- **Required action**
Once you have located the line containing "Jeep Renegade LIMITED" in the material below, return it exactly along with each line after it through the line containing "Jogo Wrestling feminino".

- **Input data**
· · · ·
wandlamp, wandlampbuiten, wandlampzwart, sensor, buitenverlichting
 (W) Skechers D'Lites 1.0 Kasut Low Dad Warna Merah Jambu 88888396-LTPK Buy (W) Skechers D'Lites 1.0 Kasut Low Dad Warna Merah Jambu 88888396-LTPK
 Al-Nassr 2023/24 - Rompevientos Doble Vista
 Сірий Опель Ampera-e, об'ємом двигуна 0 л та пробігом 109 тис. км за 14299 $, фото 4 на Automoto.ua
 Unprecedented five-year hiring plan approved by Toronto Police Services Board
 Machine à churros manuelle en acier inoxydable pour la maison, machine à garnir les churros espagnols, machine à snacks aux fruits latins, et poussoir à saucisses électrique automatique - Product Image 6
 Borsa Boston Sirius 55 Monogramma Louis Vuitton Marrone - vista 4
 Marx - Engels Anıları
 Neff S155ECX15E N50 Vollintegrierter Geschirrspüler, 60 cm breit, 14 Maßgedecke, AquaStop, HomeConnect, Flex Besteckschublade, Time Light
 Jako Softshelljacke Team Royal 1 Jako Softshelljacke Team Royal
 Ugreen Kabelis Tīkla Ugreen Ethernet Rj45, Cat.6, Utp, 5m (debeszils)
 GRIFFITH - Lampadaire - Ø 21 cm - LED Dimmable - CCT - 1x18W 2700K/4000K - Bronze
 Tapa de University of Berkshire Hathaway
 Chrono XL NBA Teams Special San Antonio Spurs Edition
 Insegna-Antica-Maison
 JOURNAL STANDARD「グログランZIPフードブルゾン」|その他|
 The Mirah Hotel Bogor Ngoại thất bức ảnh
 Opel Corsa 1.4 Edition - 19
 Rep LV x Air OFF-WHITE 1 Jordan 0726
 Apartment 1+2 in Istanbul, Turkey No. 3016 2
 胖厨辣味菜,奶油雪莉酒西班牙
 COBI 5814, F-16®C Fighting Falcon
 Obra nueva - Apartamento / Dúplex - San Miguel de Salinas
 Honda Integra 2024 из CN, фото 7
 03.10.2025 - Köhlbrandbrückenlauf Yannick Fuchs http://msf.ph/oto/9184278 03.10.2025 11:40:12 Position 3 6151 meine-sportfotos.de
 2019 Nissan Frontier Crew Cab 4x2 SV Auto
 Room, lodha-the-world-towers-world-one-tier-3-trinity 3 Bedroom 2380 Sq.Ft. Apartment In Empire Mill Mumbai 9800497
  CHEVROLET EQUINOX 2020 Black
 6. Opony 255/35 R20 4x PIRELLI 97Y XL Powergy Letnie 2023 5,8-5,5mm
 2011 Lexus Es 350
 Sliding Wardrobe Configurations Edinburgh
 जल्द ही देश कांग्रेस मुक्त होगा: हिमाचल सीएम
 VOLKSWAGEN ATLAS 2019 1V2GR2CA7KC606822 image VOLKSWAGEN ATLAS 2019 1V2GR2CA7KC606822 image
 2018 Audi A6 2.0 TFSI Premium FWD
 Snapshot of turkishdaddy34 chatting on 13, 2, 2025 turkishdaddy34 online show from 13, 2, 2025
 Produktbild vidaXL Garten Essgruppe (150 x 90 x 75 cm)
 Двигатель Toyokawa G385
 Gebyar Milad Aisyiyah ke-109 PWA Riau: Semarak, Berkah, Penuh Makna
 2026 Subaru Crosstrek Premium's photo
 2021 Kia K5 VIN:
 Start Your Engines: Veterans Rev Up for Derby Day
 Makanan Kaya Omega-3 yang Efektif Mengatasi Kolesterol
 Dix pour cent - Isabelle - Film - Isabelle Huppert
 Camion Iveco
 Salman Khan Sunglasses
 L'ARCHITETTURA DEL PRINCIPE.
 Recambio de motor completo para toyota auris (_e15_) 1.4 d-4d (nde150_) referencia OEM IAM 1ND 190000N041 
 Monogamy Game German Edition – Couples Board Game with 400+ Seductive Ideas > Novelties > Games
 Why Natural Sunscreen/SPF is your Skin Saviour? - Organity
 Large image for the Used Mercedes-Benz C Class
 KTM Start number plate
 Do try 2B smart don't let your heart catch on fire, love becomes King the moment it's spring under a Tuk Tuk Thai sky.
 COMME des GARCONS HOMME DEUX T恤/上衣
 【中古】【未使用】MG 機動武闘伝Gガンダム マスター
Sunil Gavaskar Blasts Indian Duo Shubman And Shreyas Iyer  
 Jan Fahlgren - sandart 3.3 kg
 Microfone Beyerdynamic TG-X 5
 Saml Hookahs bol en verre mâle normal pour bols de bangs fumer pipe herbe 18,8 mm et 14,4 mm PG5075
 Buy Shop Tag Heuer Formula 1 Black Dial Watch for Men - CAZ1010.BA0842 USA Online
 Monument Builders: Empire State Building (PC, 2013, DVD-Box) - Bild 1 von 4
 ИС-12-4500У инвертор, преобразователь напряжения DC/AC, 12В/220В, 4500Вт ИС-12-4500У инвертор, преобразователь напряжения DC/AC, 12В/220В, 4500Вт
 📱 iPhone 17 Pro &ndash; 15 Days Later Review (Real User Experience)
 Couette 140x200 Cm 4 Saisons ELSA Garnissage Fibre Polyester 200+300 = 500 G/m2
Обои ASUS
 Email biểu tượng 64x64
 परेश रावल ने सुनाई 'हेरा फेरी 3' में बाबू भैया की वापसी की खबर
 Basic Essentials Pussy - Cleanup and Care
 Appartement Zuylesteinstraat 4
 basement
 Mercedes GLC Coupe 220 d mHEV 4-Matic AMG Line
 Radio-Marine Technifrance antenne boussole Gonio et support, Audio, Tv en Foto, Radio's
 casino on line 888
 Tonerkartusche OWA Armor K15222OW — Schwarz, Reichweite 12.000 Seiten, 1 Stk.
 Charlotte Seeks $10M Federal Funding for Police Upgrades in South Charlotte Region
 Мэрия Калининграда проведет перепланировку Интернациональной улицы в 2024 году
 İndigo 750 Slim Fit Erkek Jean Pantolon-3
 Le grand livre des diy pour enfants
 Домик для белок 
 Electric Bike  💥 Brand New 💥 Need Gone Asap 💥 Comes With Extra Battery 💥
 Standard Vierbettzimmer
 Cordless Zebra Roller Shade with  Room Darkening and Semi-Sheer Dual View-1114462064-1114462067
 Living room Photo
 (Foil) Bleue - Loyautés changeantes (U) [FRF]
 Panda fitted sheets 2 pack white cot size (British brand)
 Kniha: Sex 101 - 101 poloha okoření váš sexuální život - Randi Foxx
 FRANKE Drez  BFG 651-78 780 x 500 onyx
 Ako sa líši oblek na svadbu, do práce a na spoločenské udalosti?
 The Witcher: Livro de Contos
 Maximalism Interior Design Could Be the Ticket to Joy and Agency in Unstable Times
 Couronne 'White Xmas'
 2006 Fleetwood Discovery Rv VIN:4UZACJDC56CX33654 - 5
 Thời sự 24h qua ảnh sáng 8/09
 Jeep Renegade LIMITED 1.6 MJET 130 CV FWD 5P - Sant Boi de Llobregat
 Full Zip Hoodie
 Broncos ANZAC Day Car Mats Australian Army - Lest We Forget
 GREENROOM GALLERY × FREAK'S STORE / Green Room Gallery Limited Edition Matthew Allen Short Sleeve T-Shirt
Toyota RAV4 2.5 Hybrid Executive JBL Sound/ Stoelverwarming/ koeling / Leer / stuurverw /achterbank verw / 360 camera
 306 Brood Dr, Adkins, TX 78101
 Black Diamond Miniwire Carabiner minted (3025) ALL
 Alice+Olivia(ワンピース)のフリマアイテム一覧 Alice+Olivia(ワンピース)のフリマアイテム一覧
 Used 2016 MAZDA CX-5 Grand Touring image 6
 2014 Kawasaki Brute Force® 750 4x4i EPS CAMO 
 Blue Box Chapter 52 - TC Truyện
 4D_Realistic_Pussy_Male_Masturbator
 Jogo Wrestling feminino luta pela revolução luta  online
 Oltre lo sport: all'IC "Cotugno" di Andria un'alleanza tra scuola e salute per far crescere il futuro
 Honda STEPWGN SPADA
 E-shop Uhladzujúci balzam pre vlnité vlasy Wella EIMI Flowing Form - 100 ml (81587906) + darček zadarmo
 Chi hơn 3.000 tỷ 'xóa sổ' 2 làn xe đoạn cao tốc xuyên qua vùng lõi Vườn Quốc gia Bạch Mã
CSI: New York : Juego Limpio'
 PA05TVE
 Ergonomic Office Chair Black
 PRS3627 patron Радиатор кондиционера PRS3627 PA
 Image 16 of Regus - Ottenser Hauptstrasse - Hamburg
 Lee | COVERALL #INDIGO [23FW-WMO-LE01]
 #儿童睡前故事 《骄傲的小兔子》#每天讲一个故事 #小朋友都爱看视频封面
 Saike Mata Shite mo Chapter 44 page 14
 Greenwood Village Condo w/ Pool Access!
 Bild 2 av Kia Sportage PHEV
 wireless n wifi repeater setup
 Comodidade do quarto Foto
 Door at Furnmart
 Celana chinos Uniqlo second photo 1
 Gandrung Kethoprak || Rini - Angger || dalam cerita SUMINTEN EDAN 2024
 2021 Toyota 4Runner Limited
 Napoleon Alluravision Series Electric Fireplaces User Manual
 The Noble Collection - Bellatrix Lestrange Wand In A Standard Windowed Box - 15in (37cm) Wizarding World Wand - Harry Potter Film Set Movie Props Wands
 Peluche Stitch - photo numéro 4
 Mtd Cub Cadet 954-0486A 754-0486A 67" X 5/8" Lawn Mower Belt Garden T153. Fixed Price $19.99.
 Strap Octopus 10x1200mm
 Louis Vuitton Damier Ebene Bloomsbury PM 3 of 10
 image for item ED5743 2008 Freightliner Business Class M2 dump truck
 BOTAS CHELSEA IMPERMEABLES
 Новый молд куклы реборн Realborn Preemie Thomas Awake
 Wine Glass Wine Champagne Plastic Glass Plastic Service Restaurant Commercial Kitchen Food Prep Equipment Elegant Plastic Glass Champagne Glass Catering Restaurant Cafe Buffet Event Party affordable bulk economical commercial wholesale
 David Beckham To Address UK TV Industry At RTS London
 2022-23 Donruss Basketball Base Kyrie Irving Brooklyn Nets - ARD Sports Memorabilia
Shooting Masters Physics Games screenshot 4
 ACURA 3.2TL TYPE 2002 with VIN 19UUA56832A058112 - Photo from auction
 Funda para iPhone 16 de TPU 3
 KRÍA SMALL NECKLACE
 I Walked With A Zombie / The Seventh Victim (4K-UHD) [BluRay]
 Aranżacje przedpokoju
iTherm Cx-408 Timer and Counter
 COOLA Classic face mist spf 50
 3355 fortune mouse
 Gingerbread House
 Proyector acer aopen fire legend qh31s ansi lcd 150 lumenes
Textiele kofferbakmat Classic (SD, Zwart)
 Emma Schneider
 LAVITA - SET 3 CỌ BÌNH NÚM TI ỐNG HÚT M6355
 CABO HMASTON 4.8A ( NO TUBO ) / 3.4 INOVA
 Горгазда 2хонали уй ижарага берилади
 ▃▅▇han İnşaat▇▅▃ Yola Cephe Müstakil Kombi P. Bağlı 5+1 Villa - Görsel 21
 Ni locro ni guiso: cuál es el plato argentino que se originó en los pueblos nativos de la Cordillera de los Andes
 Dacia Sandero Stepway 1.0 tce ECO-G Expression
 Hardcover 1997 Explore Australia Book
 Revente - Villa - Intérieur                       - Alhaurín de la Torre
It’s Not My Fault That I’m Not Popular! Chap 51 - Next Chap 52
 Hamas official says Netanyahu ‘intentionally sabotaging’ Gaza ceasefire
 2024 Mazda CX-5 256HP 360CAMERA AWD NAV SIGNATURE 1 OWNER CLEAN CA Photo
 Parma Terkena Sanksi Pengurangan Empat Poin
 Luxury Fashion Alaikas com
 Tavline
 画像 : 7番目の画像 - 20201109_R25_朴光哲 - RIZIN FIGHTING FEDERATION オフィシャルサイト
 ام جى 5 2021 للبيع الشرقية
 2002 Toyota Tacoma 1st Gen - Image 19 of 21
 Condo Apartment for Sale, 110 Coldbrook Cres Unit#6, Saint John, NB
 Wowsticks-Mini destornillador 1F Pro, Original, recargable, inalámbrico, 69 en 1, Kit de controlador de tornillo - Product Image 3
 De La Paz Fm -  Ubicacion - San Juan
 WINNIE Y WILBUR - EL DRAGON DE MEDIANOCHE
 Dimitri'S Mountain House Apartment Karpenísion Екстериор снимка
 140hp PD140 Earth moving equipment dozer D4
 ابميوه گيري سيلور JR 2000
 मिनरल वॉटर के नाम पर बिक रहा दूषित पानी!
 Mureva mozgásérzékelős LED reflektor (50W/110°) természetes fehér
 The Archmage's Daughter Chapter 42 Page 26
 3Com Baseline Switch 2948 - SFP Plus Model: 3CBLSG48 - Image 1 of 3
· · · ·
- **Expected output**
 Jeep Renegade LIMITED 1.6 MJET 130 CV FWD 5P - Sant Boi de Llobregat
 Full Zip Hoodie
 Broncos ANZAC Day Car Mats Australian Army - Lest We Forget
 GREENROOM GALLERY × FREAK'S STORE / Green Room Gallery Limited Edition Matthew Allen Short Sleeve T-Shirt
Toyota RAV4 2.5 Hybrid Executive JBL Sound/ Stoelverwarming/ koeling / Leer / stuurverw /achterbank verw / 360 camera
 306 Brood Dr, Adkins, TX 78101
 Black Diamond Miniwire Carabiner minted (3025) ALL
 Alice+Olivia(ワンピース)のフリマアイテム一覧 Alice+Olivia(ワンピース)のフリマアイテム一覧
 Used 2016 MAZDA CX-5 Grand Touring image 6
 2014 Kawasaki Brute Force® 750 4x4i EPS CAMO 
 Blue Box Chapter 52 - TC Truyện
 4D_Realistic_Pussy_Male_Masturbator
 Jogo Wrestling feminino luta pela revolução luta  online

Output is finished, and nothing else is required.